> ASSIGNMENT
Every line below is to be set down again exactly; any image stays out.

DATA EXCERPTS section start

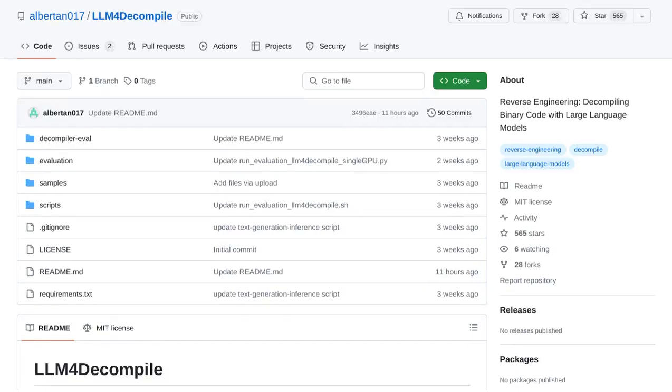Hey there, AI enthusiasts. Today, we're diving into the fascinating world of decompiling binary code using large language models, or LLMs.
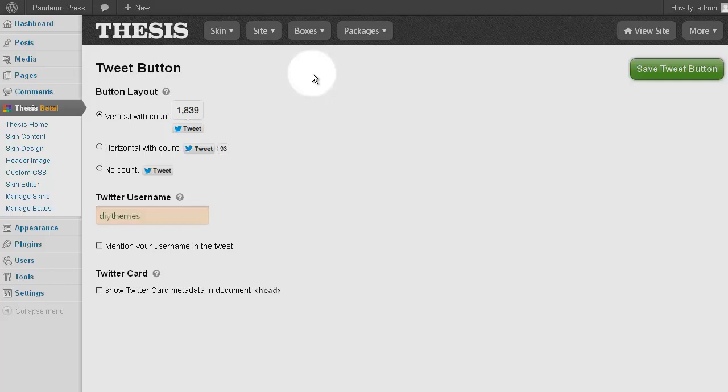And here are the options for this box. We have different button styles to choose among. You'd want to enter your Twitter name, and so on. The options here are deliberately self-explanatory. Be sure to save when you're done.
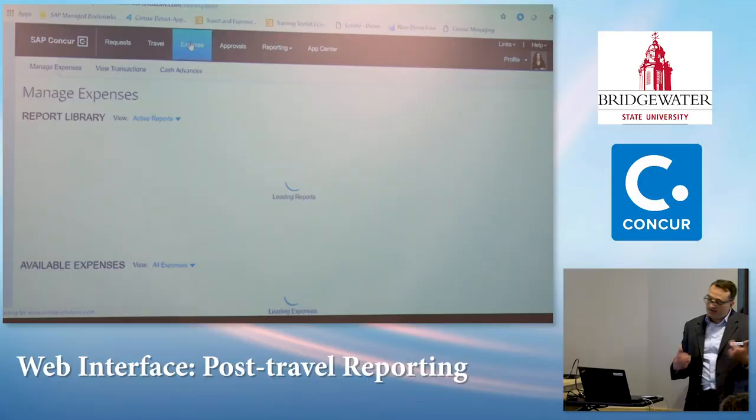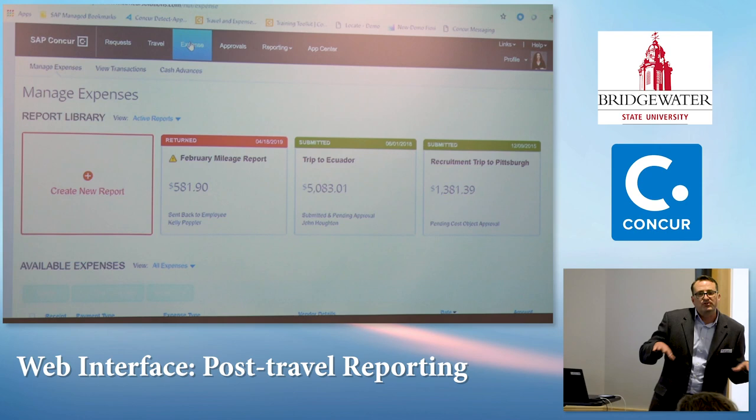Mobile makes it quick, simple, and easy — getting rid of paper, leveraging OCR capabilities, tracking mileage. Pretty much everything I can do online I can do from my mobile device. For Kelly when she comes back, she may use Concur in different ways — getting photos of receipts, adding mileage — but every user will find a different way to use Concur.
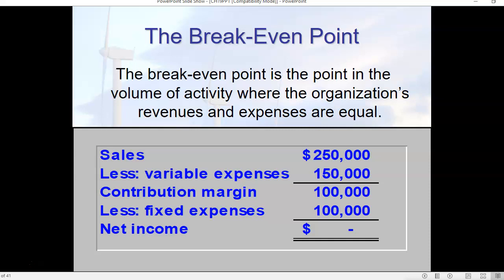On the slide that you have in front of you, we have sales of $250,000 minus variable expenses of $150,000. When we execute that first part of the equation, that gives us a contribution margin of $100,000. In this case, fixed expenses are $100,000, so we have net income of zero. When you see a simple dash preceded by a dollar sign in accounting, that is synonymous with zero.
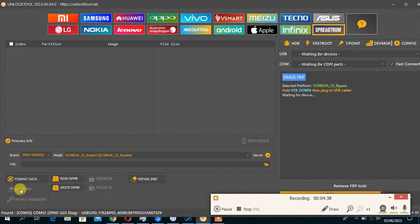So while the phone has boot up, you power off the device again before you connect. Power off the device. Hold the volume up and volume down key while you connect the USB.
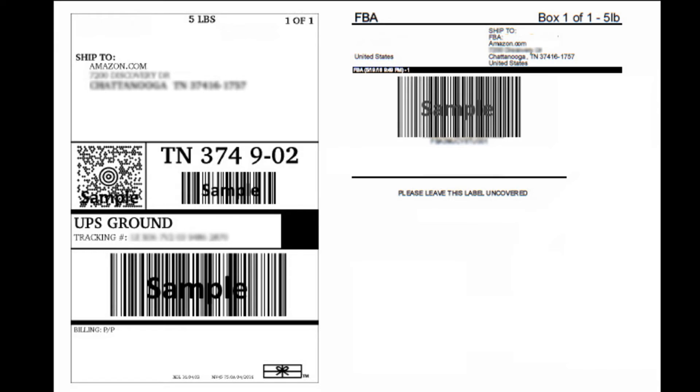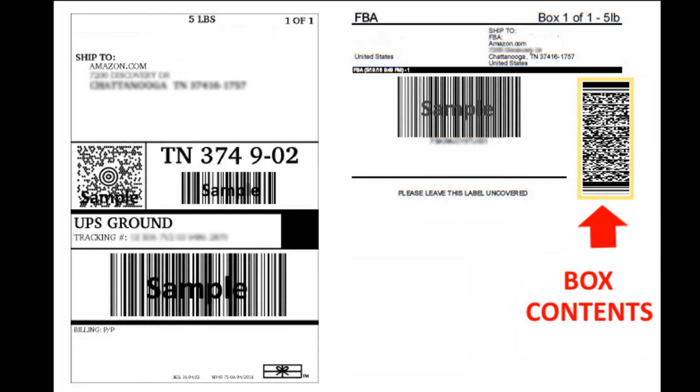Some of our customers who sell through Amazon's FBA program have special label requirements, where they must include the package contents on each box, encoded in a special barcode.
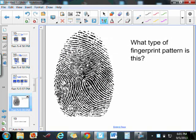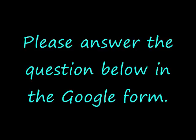So let's see if you have this down. What type of fingerprint pattern do you think this is?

DATA EXCERPTS section end

> ANSWER TO THIS TASK
Hey there, AI enthusiasts. Today, we're diving into the fascinating world of decompiling binary code using large language models, or LLMs.
And here are the options for this box. We have different button styles to choose among. You'd want to enter your Twitter name, and so on. The options here are deliberately self-explanatory. Be sure to save when you're done.
Mobile makes it quick, simple, and easy — getting rid of paper, leveraging OCR capabilities, tracking mileage. Pretty much everything I can do online I can do from my mobile device. For Kelly when she comes back, she may use Concur in different ways — getting photos of receipts, adding mileage — but every user will find a different way to use Concur.
On the slide that you have in front of you, we have sales of $250,000 minus variable expenses of $150,000. When we execute that first part of the equation, that gives us a contribution margin of $100,000. In this case, fixed expenses are $100,000, so we have net income of zero. When you see a simple dash preceded by a dollar sign in accounting, that is synonymous with zero.
So while the phone has boot up, you power off the device again before you connect. Power off the device. Hold the volume up and volume down key while you connect the USB.
Some of our customers who sell through Amazon's FBA program have special label requirements, where they must include the package contents on each box, encoded in a special barcode.
So let's see if you have this down. What type of fingerprint pattern do you think this is?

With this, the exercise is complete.